The use and types of material displayed in the exhibition are an indication of what is available and what is lacking in terms of artists’ materials, and how the artists have overcome this deficiency through sheer creativity.
Some of the artists who have qualified in the exhibition are encouragingly younger which bodes well for the future of the visual art in the country.
The Heritage Exhibition 2014 revealed that art and cultural education is a grave concern and issue of contention in Zimbabwe.
The Government’s education and cultural section of the Ministry needs to strongly re-examine art training in the country, especially in institutions of higher learning such as Chinhoyi University and the various polytechnics where most of the instructors and lecturers are not practising artists themselves and their knowledge of art is revealingly limited.

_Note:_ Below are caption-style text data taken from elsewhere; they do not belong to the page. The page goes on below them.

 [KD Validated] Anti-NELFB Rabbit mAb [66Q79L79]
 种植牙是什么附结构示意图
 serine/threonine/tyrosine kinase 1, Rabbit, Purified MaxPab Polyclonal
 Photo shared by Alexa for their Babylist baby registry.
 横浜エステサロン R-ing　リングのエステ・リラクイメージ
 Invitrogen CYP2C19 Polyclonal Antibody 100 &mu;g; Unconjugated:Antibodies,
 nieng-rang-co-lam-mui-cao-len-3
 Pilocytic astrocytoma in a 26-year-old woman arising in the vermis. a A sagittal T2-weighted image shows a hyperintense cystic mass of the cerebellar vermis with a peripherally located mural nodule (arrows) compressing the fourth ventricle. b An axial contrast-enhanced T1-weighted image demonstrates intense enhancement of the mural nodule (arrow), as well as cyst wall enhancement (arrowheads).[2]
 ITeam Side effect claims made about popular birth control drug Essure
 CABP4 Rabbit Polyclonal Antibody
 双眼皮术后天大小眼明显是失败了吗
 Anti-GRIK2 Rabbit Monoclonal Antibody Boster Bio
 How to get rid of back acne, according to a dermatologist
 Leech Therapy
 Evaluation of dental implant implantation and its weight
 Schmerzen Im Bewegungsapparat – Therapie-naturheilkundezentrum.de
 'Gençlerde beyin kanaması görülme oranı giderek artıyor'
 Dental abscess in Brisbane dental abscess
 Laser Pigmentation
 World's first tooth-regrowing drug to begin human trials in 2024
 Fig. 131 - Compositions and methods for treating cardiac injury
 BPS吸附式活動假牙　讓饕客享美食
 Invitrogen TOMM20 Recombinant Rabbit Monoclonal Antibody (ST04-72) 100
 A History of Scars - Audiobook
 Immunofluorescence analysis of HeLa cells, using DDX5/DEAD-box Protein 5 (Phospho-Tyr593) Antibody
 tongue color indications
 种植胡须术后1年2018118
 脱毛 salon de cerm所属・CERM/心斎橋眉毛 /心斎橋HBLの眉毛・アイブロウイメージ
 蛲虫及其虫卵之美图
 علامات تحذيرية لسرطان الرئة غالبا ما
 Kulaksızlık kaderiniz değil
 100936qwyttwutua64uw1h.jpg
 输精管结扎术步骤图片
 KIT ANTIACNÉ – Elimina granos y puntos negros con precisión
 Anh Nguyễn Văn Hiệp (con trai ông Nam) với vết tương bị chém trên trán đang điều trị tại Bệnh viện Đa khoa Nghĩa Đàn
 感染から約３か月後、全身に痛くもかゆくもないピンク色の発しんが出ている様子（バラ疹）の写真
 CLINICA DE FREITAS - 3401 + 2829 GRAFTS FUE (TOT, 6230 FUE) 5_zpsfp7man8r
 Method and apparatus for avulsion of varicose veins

Zimbabwe’s economic development today requires the further development and use of human creative capabilities in all spheres of the economic productive strata. Art development, scholarship, and art patronage should become a major component of the overall socio-economic development of Zimbabwe.
It is imperative to recognise the vital role that art plays in weaving together the framework of our collective consciousness.
Dr Tony Monda holds a PhD. in Art Theory and Philosophy and a Doctorate in Business Administration (DBA) in Post-Colonial Art and Heritage Studies. He studied law and photography at the Corcoran School of Art, Washington and holds a Law and Art Diploma from Georgetown University, Washington DC. He worked with the Washington Area Lawyers Association (WALA). He is an author, art critic, art consultant and a practicing visual artist. He is also a musician, and Corporate Image Consultant.